Etait-ce un signe ? Qui sait ? toujours est-il qu’hier soir, les vainqueurs étaient en vert, la couleur symbolique de Veymerange. Et qu’une fois encore, ce sont les Verts qui ont gagné. On ne philosophera pas sur la superstition. C’est comme ça. C’est tout. Mais du côté des Blancs, les visages étaient longs. Et blancs comme des linges. Ça fait deux fois en trois ans que Veym’ échoue d’un rien à la porte du vert paradis. C’est beaucoup quand on sait la somme d’efforts consentis pour en arriver là.
Autour du stade et dans la minuscule tribune se pressaient supporteurs des deux camps mêlés, et tout ce que le Thionvillois compte de passionnés du football. C’était l’événement à ne pas manquer même sous la pluie battante du début.
Les Thionvillois firent le match, le dominèrent souvent. Et le perdirent.
Hier, comme le soulignait Alain Gruhn, l’entraîneur de Kœnigsmacker ou Youcef Bettahar, celui de Fameck: « Ils ont manqué de fraîcheur et de percussion et l’envie n’a pas suffi ».
L’envie, elle était Audunoise, c’est certain. « On revient de loin en championnat. On s’offre un beau final », expliquaient en chœur Parmentier et Prandi, deux des meilleurs Audunois du match.

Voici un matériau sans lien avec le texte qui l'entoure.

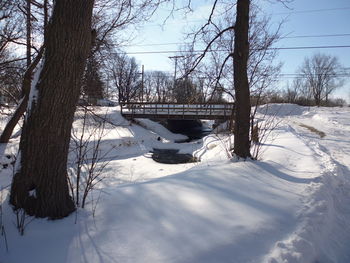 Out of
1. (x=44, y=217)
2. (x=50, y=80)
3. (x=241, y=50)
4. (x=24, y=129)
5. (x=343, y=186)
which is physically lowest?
(x=343, y=186)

Audun renoue donc avec sa grande histoire, celle des années 70-80. Et l’adjoint aux sports M. Iacone n’était pas le moins heureux. « On l’a déjà emportée à trois reprises. Le club a beaucoup souffert ces dernières années avec la perte de son sponsor. Cette finale est une jolie consolation pour une ville amoureuse du sport ».